For a stencil-plate to make the garland and ribbon border shown in the frieze of the room (Fig. 4), a one-half section only is necessary (see Fig. 11). The full length of a garland is marked on the wall by indicated dots, with chalk or pencil; then the half garlands are stencilled all around the room. When completed, the stencil-plate is carefully wiped off; then it is reversed and the remaining halves are done. The stencil-plate for the wreath ribbon and garland border shown in the room (Fig. 5) is illustrated at Fig. 12. This is a half garland and wreath, and is used as described for Fig. 11. The stencil-plate shown in Fig. 13 can be used as the frieze or border in Fig. 6. This is an empire design, and its dignity and beauty make it a fitting ornament for any room in a house.

Chapter XX
NOOKS FOR BOOKS

There is always a demand in the house for convenient places in which books, pamphlets, magazines, and papers may be kept, thus avoiding the necessity of scattering them over tables and shelves that are properly reserved for other things. Regular bookcases are suitable for a library, arranged especially for the purpose of harboring books, but for the sitting-room, bedroom, or hall the odd rack, shelf, hanging cabinet, or convenient nook is an acceptable addition to the ordinary furniture.

Among the following illustrations may be found a variety of ideas in book receptacles. Any of them can be made at home by the boy craftsman, of inexpensive materials that may be at hand, or cheaply purchased from a carpenter.

All of these designs are entirely practical, and may be constructed with the aid of ordinary tools, the joints, laps, and matched edges being of the simplest forms. The staining, decorating, and finishing of these pieces of odd furniture are easily within the average boy’s ability, and if the instructions are carefully followed the results should be most satisfactory.

A Wall-rack

Of these designs the wall-rack (Fig. 1) is perhaps the easiest to construct, since it is formed of but three shelves and some narrow rails.

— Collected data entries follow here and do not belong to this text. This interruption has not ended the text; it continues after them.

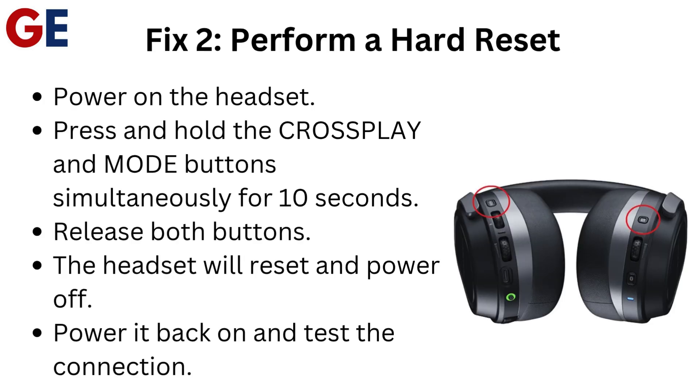Fix 2: Perform a hard reset. Power on the headset, then press and hold the crossplay and mode buttons simultaneously for 10 seconds and release both buttons. The headset will reset and power off. Power it back on and test the connection.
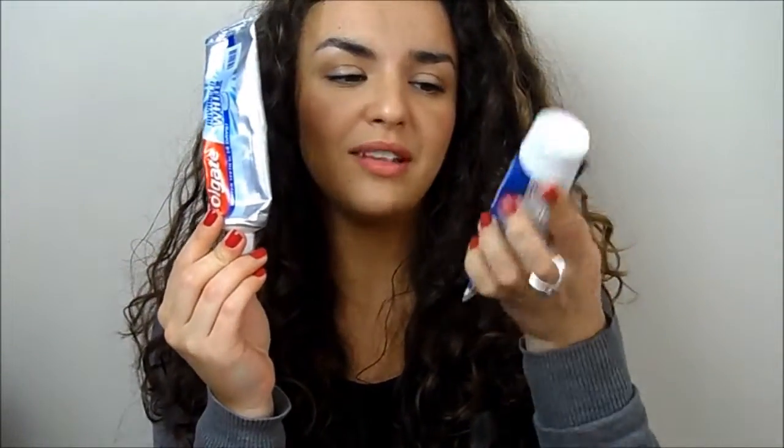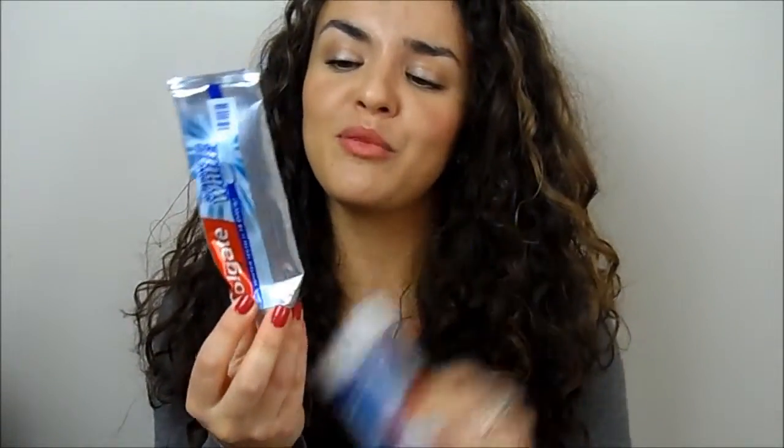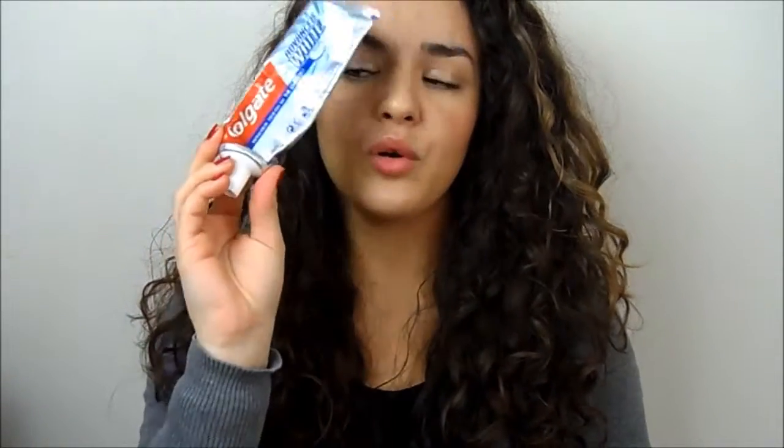I floss occasionally but I'm not massively into mouthwash — I don't find it very effective for me. In terms of toothpaste, I chop between two: the Colgate Advanced White, which claims to whiten in 14 days, and the Oral-B Pro Expert Whitening one. I do think whitening toothpastes help brighten your teeth. I've almost finished the Colgate one and haven't started the Oral-B yet.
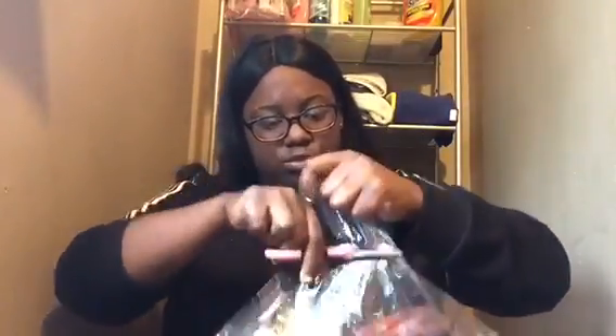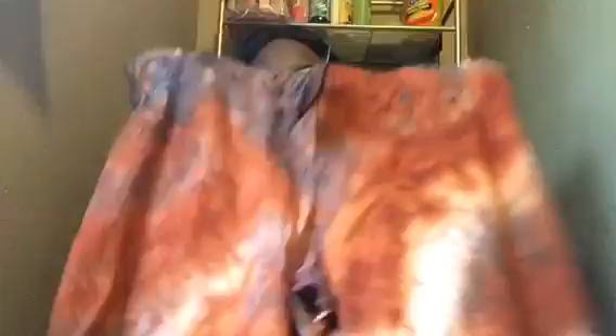They are a size 2X. I need scissors to cut open the bag. I like my biker shorts to fit tight to my thigh and leg — I don't like loose biker shorts. These are the Walking Away tie-dye biker shorts and I love the color combination on these — $5.99.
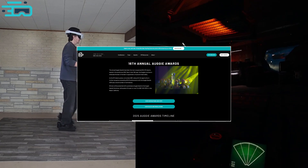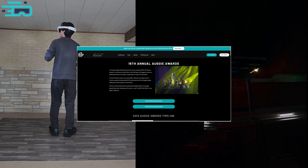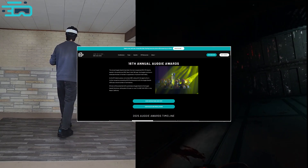But first, FreeAim will be at AWE this year and is part of the AWE Augie Awards. If you have time, please vote for us as the best interactive product. Details in the video description or comment. Thanks so much.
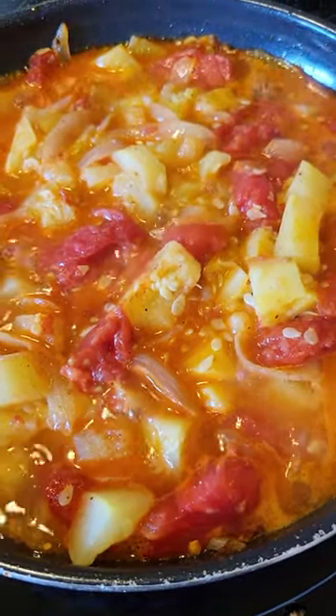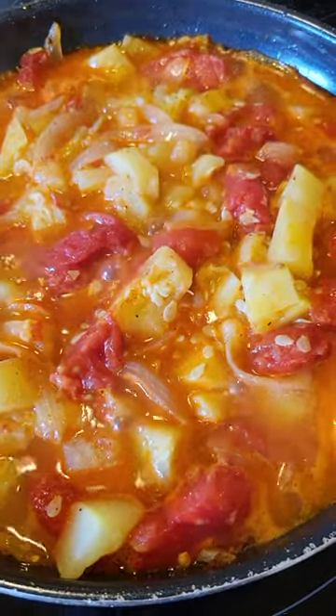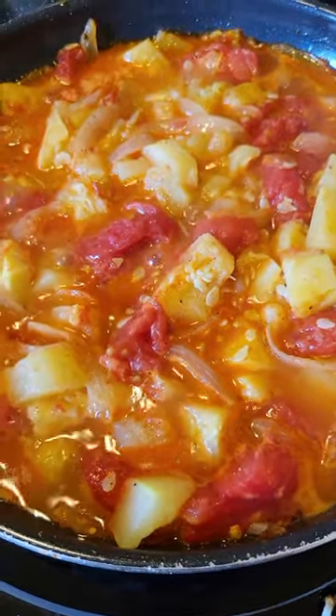Here's my squash recipe we're having tonight for supper. You have about four cups of squash peeled and cut up and boil them for about 15 minutes until tender. Drain them.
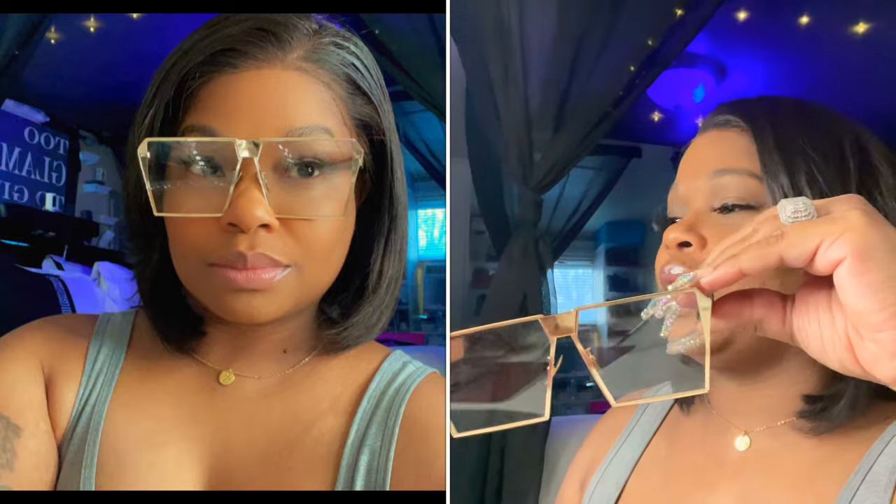They have a clear tint so they still protect your eyes but you can still see your eyes through them. I purchased these from Wish, and I think they were like $5.99 or something like that.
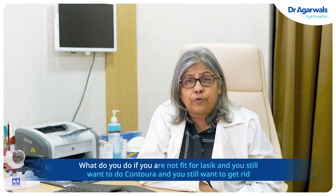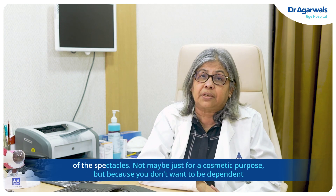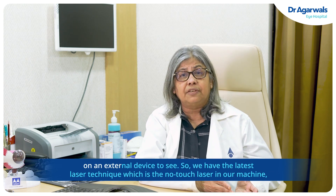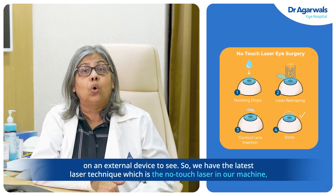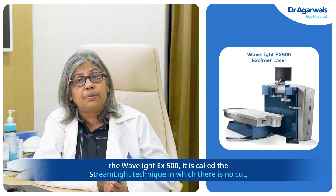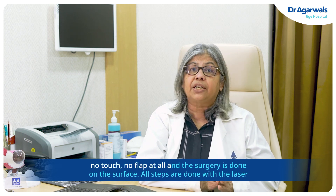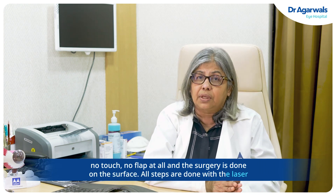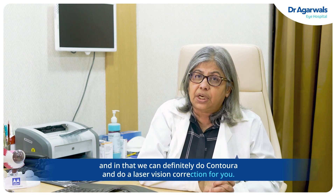What do you do if you are not fit for LASIK but still want Contura and want to get rid of spectacles — not just for cosmetic purposes, but because you don't want to be dependent on an external device to see? We have the latest technique of laser, which is the no-touch laser. In our machine, the Wavelight EX500, it is called the Streamlight technique, in which there is no cut, no touch, no flap at all, and the surgery is done on the surface. All steps are done with the laser, and we can definitely do Contura and provide laser vision correction for you.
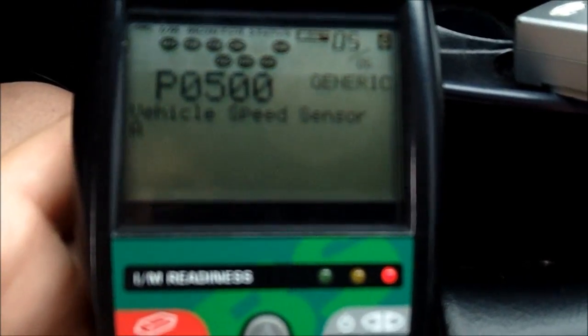P0500, there it is — vehicle speed sensor. Hey y'all, this is Chevy's in first. I am fixing to replace my vehicle speed sensor and my speedo gear.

A convenient size will be from twenty-seven to thirty-six inches long, twenty inches high (from top to bottom shelf), and eight inches deep. The extreme height from top to bottom, along the middle wall strip, is about thirty-eight inches. The wood should be three-quarters of an inch in thickness, planed on both sides, and free from knots or sappy places. The strips, excepting the centre-piece at the back, measure two and a half inches in width, and where one crosses another a lap is cut in each, as shown in Fig. 2. This may be done with a fine saw and chisel, and the joint held firmly with glue. Where the shelves join the uprights at the ends a groove is cut in the end-rails to receive the ends of the shelves, as shown in Fig. 3. The curved sections of the rails, the back-board, and the tops of the upright strips at the back should be cut with a compass-saw and afterwards sand-papered or dressed down with a wood-file. All the edges of the wood-work should be rounded by means of a small plane or sand-paper, since sharp corners are not desirable on useful furniture.